There is not widespread agreement as to what choices are universally the " best". The traditional "ideal" behaviour comes on traditional Unix filesystems like the Berkeley BSD UFS/FFS; they use, by default, the very same 8K block size that PostgreSQL does.

PostgreSQL has traditionally used 8K disk blocks on FreeBSD; recent changes move block size to 16K on FreeBSD, which encourages use of the same block size with PostgreSQL. This may be a little wasteful for tables that remain small, as one would expect, on average, half a block to be wasted; modern disk drives hundreds of GB in size can afford such losses.

An early report from performance testing on FreeBSD 4.7 suggested that moving to 16K blocks led to write-intensive activity being speeded by about 8%.

While anecdotal, that indicates that this sort of tuning can provide meaningful incremental improvements in performance. It may not be as good as a query optimization that makes the query 10x as fast, but it can be worth going for all the same.

On Linux, the choices are more difficult. There are quite a number of filesystems to choose from, and they all have features that lend them to not be considered optimal:

ext2
This filesystem suffers from the " long fsck problem "; if your system goes down, for whatever reason, and the filesystem is very large, it may take a very long time to run fsck, and, in some cases, may require user intervention in order to recover.
The largest block size supported by ext2 is 4K; you may wish for an ext2 filesystem to use the maximum size to maximize efficiency of storage of the typical 8K blocks used by PostgreSQL. The appropriate option is: mke2fs -b 4096
ext3
This uses the same format as ext2, but adds in journalling, which has the merit of improving fsck times if you reboot unexpectedly.
As with ext2, increasing the block size may improve efficiency a little bit. Unfortunately, Linux filesystems don't usually support 8K or larger blocks.
Unfortunately, journalling has the demerit that it replicates the careful effort that the DBMS is making to try to ensure that all updates are pushed out to disk in a consistent manner. In effect, both the filesystem and the database are trying to maintain journals with equivalent intent, if not identical implementation, and it tends to lead to somewhat lowered performance. Anything that was not committed to the database files resides in the PostgreSQL WAL files, so that any journalling of database file updates is redundant.
Reiserfs
As a filesystem intended, by design, to provide improved performance for directories containing very large numbers of small files, Reiserfs performance degrades somewhat when it deals with rather large files.
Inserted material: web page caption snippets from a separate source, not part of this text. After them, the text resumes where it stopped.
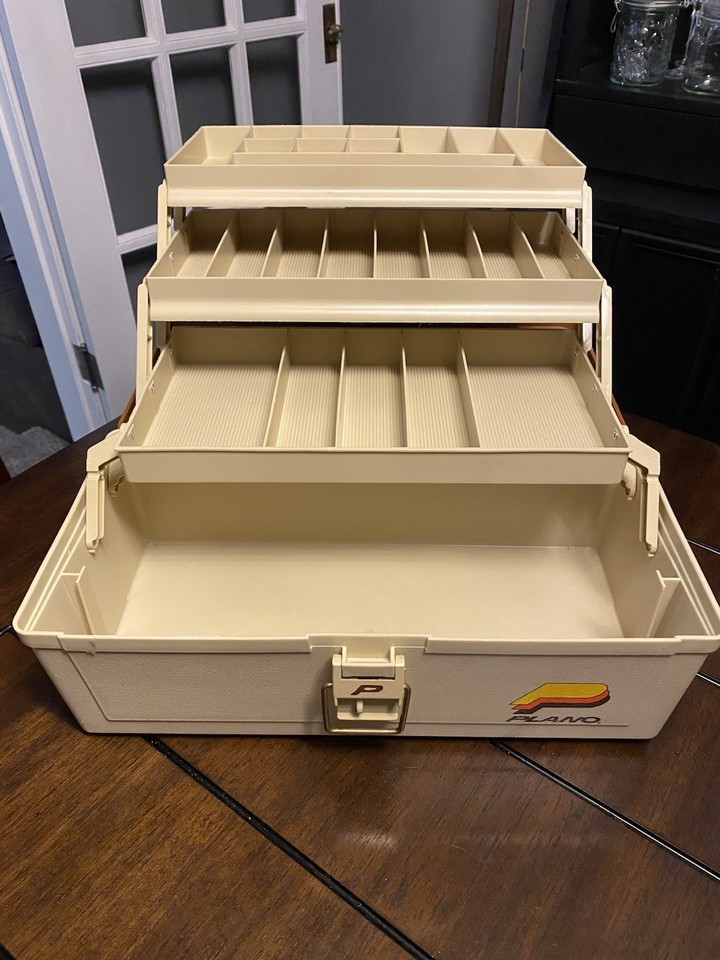 Boîte D'attache Plano 6303 - 3 Niveaux, Plateau Pliable, Made In USA, Occasion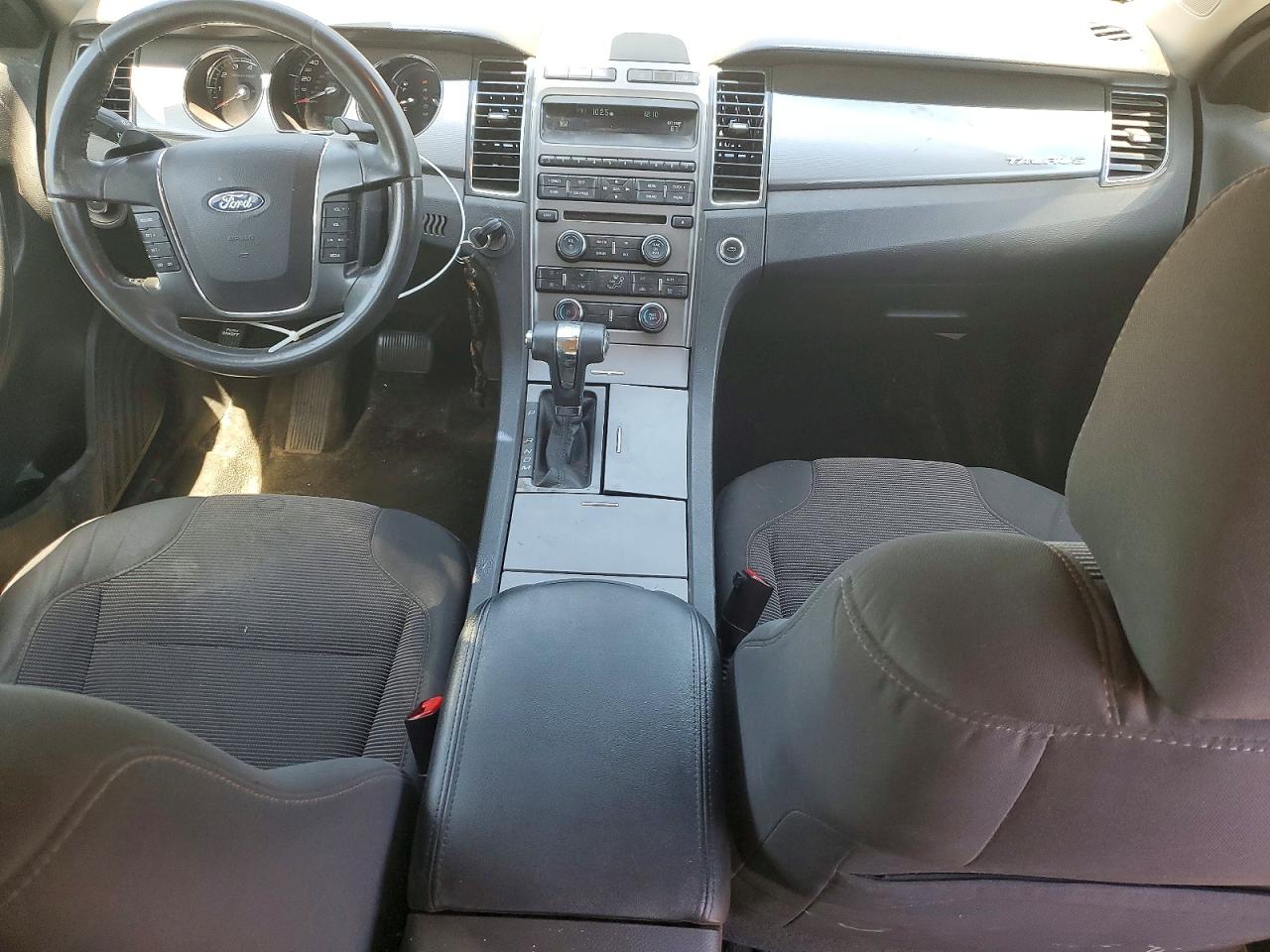 Ford Taurus Sel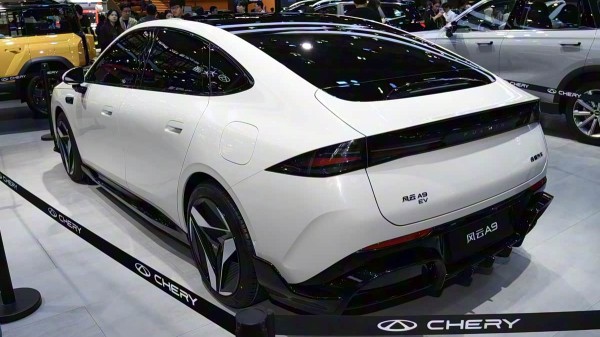 Представлены кроссовер Chery Fulwin T9L и седан Fulwin A9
It is almost certainly not the ideal choice.
JFS
Suffering from the demerits of journalling, this filesystem, originally based on what IBM used in OS/2, probably won't be the first choice from a performance perspective.
It also appears that development efforts are lagging those on ext3.
XFS
SGI's XFS filesystem was expected to become best option available on Linux; it supports metadata-only journalling, which is what we would want, and was designed to support efficiently handling very large files, which is also what we would want.
Up until recently, it had the significant demerit that adding it in required applying custom patches to produce your own kernel, and that's not what the guys wearing suits at head office want to hear. They want to hear: " Our distribution vendor includes XFS support in the kernels burned onto the CDs that they sell." (Of course, it might well be beneficial to compile your own kernel anyways, to eliminate unneeded device drivers and such, but they won't be happy with that answer...)
Integration of XFS into "official" Linux kernels proceeded in version 2.6, which should resolve the concerns of the non-technical decisionmakers. Unfortunately, the fiscal woes of SGI have limited the ability to put serious effort into improvements.

On BSD-related systems, the Berkeley FFS combined with " soft updates" provides something close enough to "journalling" to allow quick fsck runs, whilst not adding the redundancies associated with updating database files.

Mounting noatime
On virtually any Unix-like system, a performance boost may be attained by using the noatime mount option, which eliminates the collection of access time statistics on inodes. This eliminates nearly continual updates to the filesystem metadata that would otherwise result.